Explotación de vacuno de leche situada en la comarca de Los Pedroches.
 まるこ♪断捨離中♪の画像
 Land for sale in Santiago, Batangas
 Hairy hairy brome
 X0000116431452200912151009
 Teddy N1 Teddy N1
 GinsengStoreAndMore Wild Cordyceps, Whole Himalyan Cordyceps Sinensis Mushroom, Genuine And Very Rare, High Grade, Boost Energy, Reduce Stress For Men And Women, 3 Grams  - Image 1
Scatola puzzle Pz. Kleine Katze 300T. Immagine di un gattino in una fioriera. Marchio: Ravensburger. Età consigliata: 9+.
──────────────────────────────
_Work instruction_
Your job is to transcribe the listing exactly, line for line.

_Worked solution_
Explotación de vacuno de leche situada en la comarca de Los Pedroches.
 まるこ♪断捨離中♪の画像
 Land for sale in Santiago, Batangas
 Hairy hairy brome
 X0000116431452200912151009
 Teddy N1 Teddy N1
 GinsengStoreAndMore Wild Cordyceps, Whole Himalyan Cordyceps Sinensis Mushroom, Genuine And Very Rare, High Grade, Boost Energy, Reduce Stress For Men And Women, 3 Grams  - Image 1
Scatola puzzle Pz. Kleine Katze 300T. Immagine di un gattino in una fioriera. Marchio: Ravensburger. Età consigliata: 9+.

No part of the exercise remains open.